In June 2022, erythrodermia continued, thus rizankizumab (Skyrizi)
was started with standard protocol, but after 2 doses, no clear response was
found, but continued for additional 2 doses (6 months), Pemphigoid antibodies
were negative. The erythrodermia continued, thus, at control in May 2023
rizankizumab was changed to bimekizumab (Bimzelx), giving a clear response, as
noted in control in Aug 2024. Three control biopsies from different locations
revealed mild unspecific dermatitis without signs for T-cell lymphoma.
Discussion
At the first dermatologist appointment, also other diagnosis can be
found that need even immediate attention, like melanoma.

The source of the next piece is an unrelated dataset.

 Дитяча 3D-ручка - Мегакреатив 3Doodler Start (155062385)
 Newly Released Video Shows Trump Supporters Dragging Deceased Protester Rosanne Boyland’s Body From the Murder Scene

By another author experience (RJH, unpublished results about 20
years ago), a GP’s paper referral for excision of right scapula nodular
basalioma was directly scheduled to the operation room; however, it was found 3
other nodular basaliomas on the back skin, but also a melanoma in the middle of
back between scapulas about 7 cm apart from the nodular basalioma that was
originally sent for referral; all 5 lesions were removed at the same
appointment session.
Also new skin disorders or the older disease can appear or
reactivate during controls and follow-ups and disease can convert to another
type, like plaque psoriasis to erythrodermic form as difficult to treat. When
the patients get older, the risk for malignancies increase, as seen also in
North-Savo Skin Cancer Project; new skin malignancies may develop in risk
patients (data not shown).
It is crucial to make a careful evaluation and inspection each time
when the patient is in front of a doctor, whether dermatologist or GP. After
the patient has got the skin disease diagnosis by a dermatologist, the patient
often is transferred to GP’s follow-up. Further consultations may be performed
by teledermatology3 or by modern internet-based communication methods as WeChat4. The use of
Artificial Intelligence is a growing area which may be beneficial to improve
diagnostic accuracy in a dermatologist’s hands.
Ethical Approval
The patients have given their consent for this case report.
Conflict of
Interest
Authors declare no conflicts of interests.